Comment Ynsect participe-t-elle à démocratiser l’insecte ?

13/09/2023

Parole d’un expert. Par Anais MAURY

 

Si on vous avait dit il y a 10 ans que l’insecte allait un jour se retrouver dans votre assiette, l’auriez-vous cru ? A travers le monde, plus de 2 milliards de personnes dans le monde consomment déjà quotidiennement des insectes. C’est le cas dans des pays comme la Chine, la Thaïlande ou encore des pays d’Afrique et d’Amérique du Sud. En France et en Europe, alors que le marché était quasiment inexistant, les insectes gagnent peu à peu du terrain. Criquets, scarabées et fourmis s’invitent à la table des restaurants engagés et dans les recettes de la jeune génération de cuisiniers. Toutefois, pour la majorité des Français, les insectes sont encore considérés comme culturellement non comestibles, porteurs de dégoût ou de peur. Pour dépasser cette première impression, les entreprises spécialisées dans la production d’insectes redoublent d’efforts pour informer sur les bienfaits nutritionnels et écologiques de l’insecte. Faire évoluer l’opinion publique est un défi de taille, mais les acteurs sont bien engagés à le relever. Ynsect, en particulier, participe à la démocratisation de l’insecte dans la société. Par de nombreuses actions de sensibilisation, de la pédagogie et une stratégie de communication adaptée, elle a réussi à faire accepter peu à peu l’insecte dans l’esprit des français. Dans cet article, je vous explique comment.

 

Constituer un réseau d’experts pour faire évoluer la loi

En Europe, l’introduction des insectes dans les régimes alimentaires est plus lente qu’ailleurs dans le monde. Un phénomène normal puisque les insectes ont disparu de notre alimentation il y a maintenant plusieurs siècles.

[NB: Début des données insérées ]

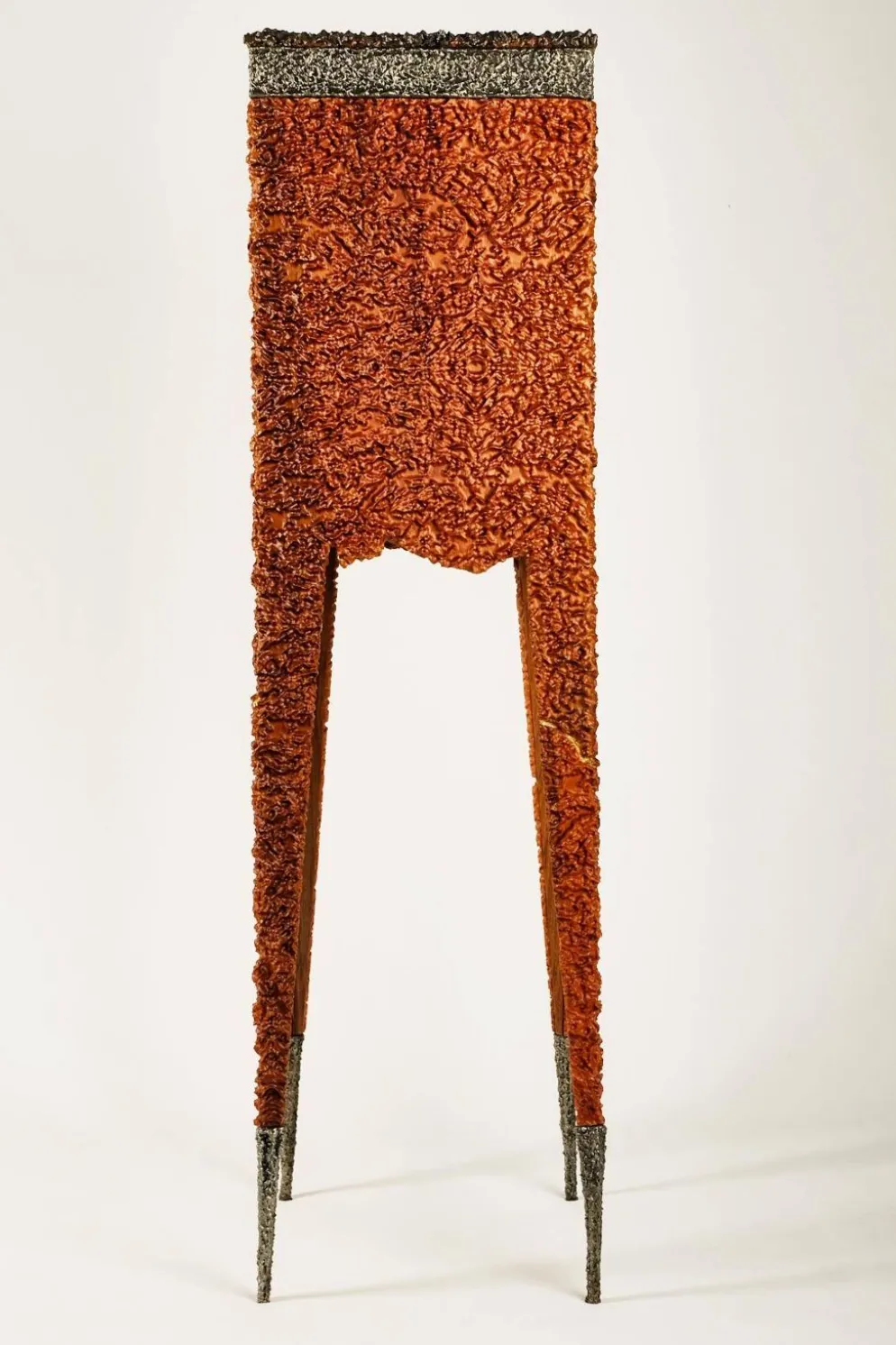 Bar cabinet Palisé par Kreatippci Studio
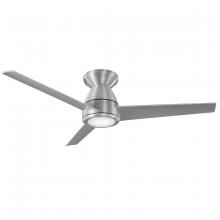 Modern Forms US - Fans Only FH-W2004-52L-BA - Tip Top Flush Mount Ceiling Fan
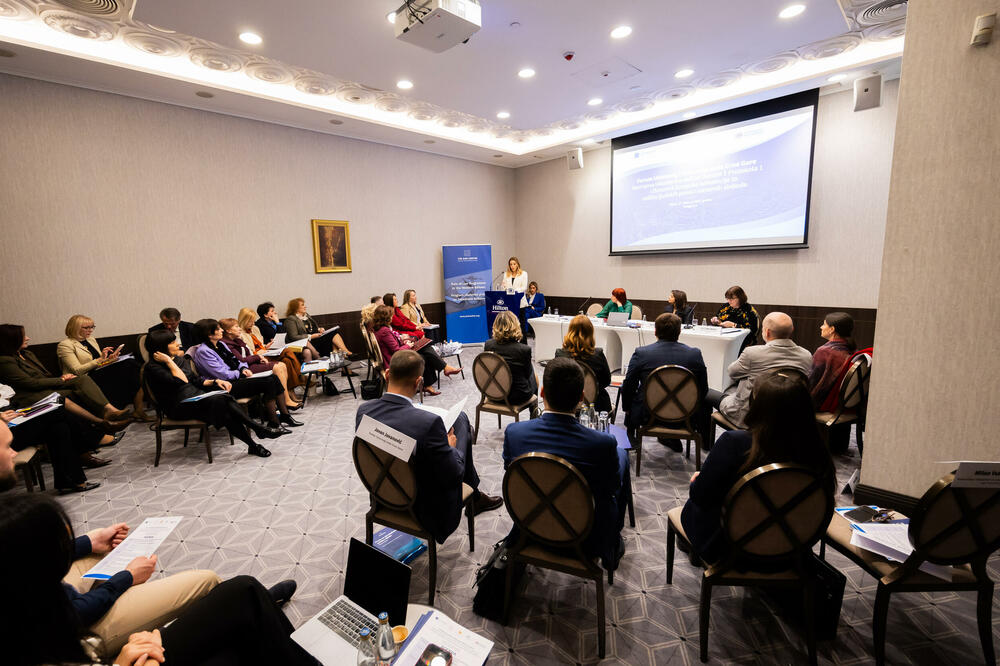 Održan Forum Ustavnog i Vrhovnog suda u Podgorici: Usklađena sudska praksa ključ za zatvaranje Poglavlja 23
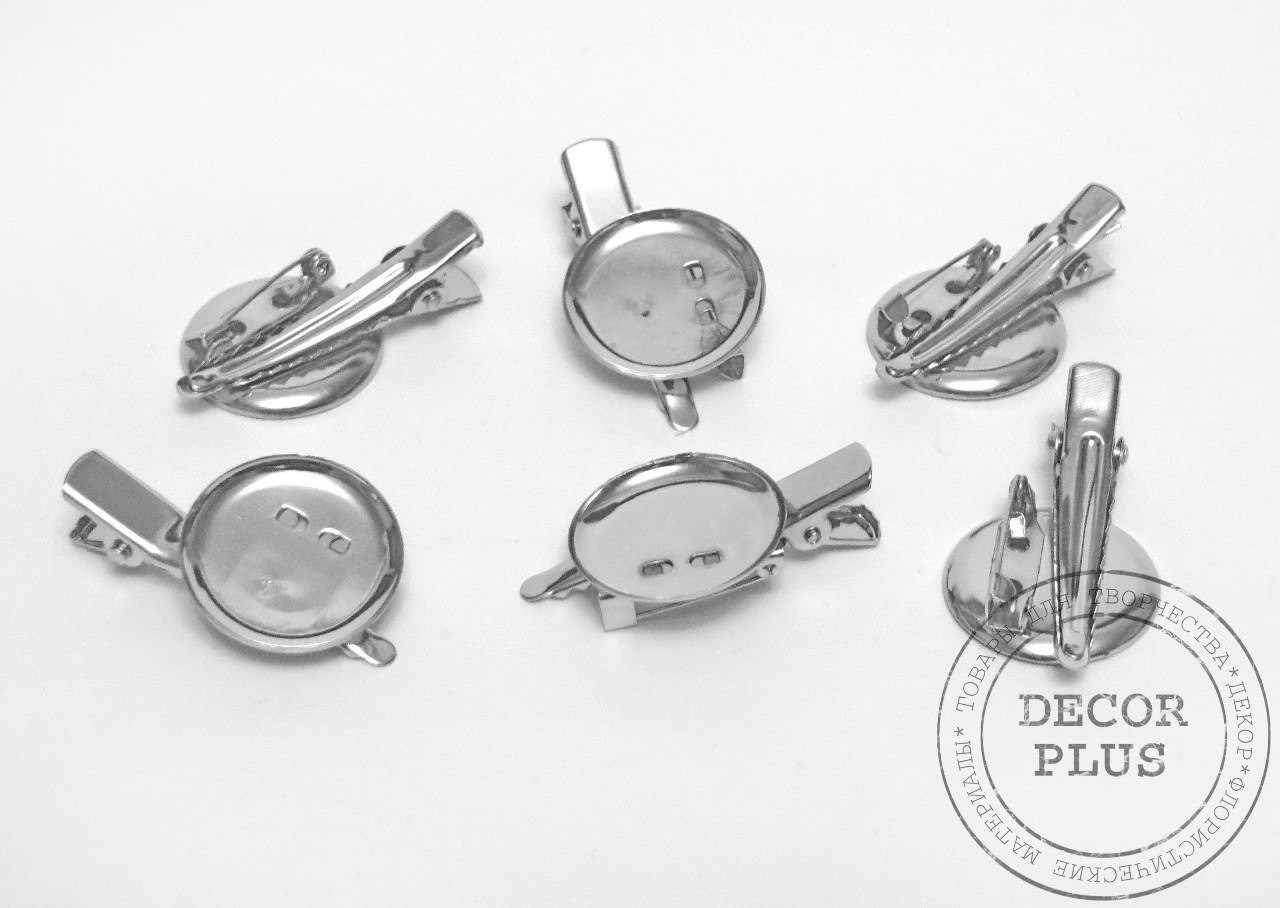 Металева качечка + брошка 2в1, фото 1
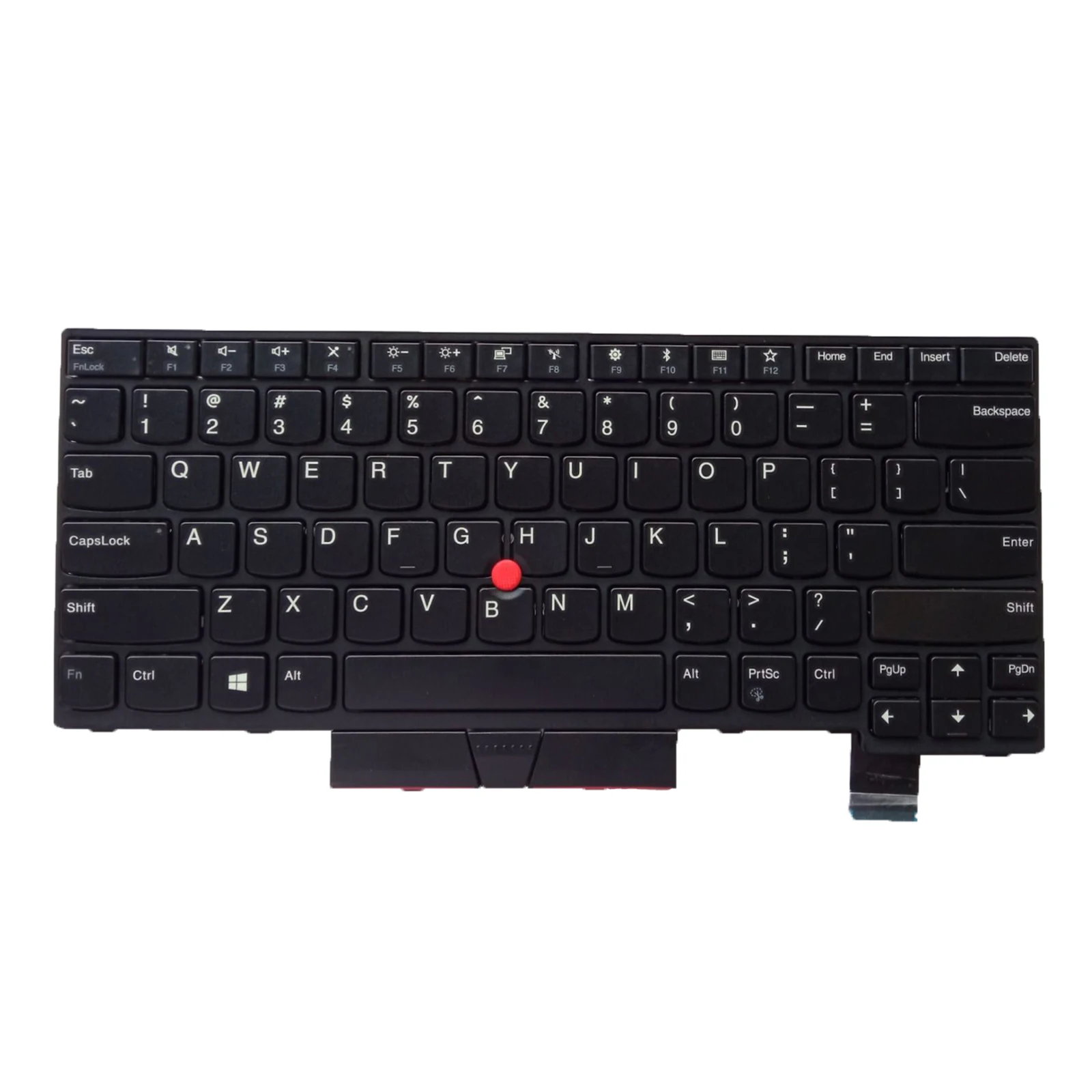 

US Keyboard For Lenovo ThinkPad T470 T480 A475 A485 Keyboard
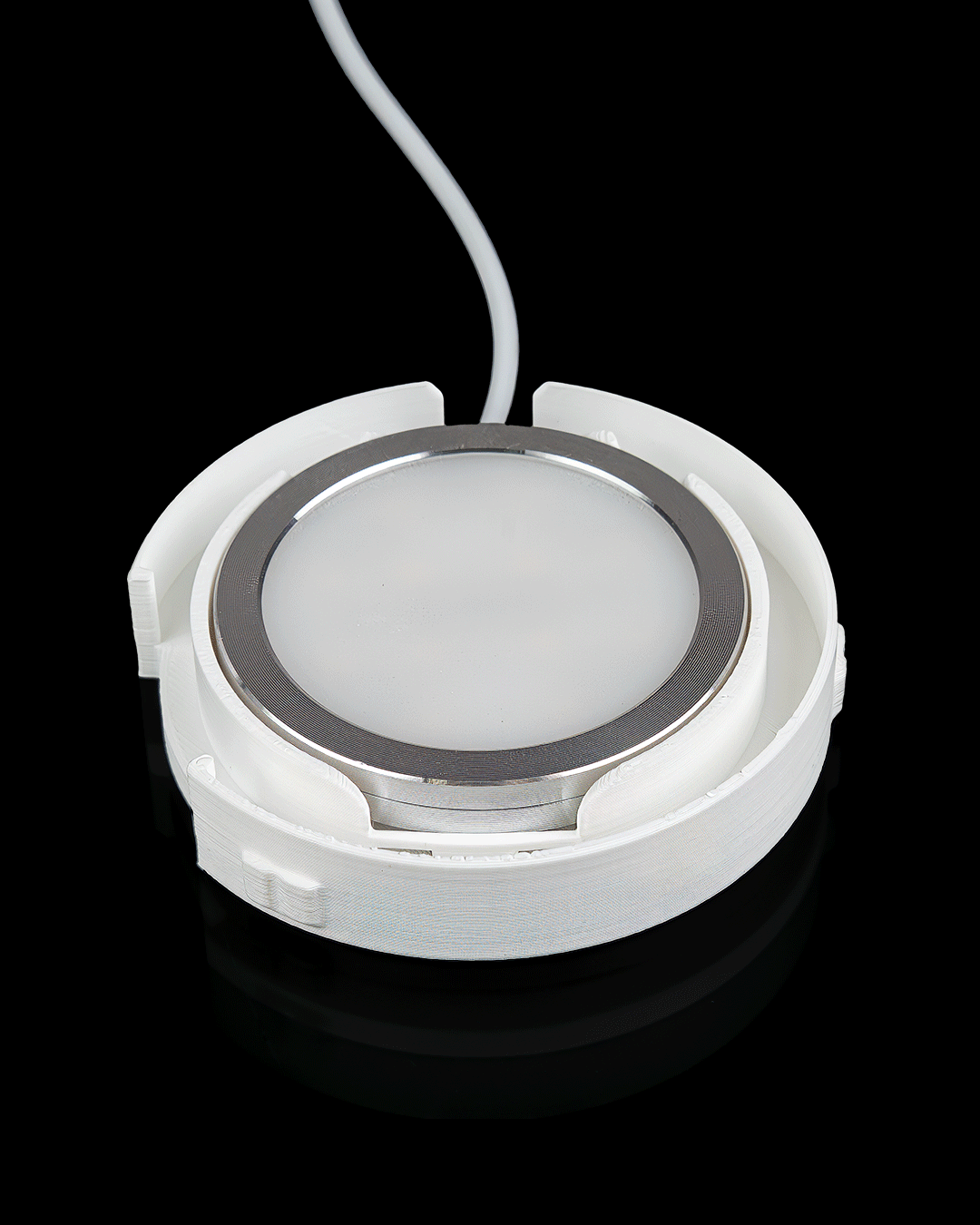 Abyss Sphere - Table Lamp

Pourtant durant l’Antiquité, les Romains et les Grecs mangeaient des cigales, sauterelles et des abeilles, considérées comme des mets d’exception. Au Moyen-âge, les insectes étaient également consommés durant les banquets, notamment le scarabée Molitor. Aujourd’hui, cette méconnaissance de l’insecte comme aliment représente un vrai blocage pour de nombreux européens. Mais au-delà de cette différence culturelle, c’est la réglementation européenne qui freine avant tout la consommation d’insectes et ce malgré leur qualité nutritionnelle et les faibles incidences environnementales de leur élevage qui ont régulièrement été soulignées par des études scientifiques. Plus conservateur, les premiers ingrédients à base d’insectes n’ont été autorisés dans l’Union Européenne que fin 2021.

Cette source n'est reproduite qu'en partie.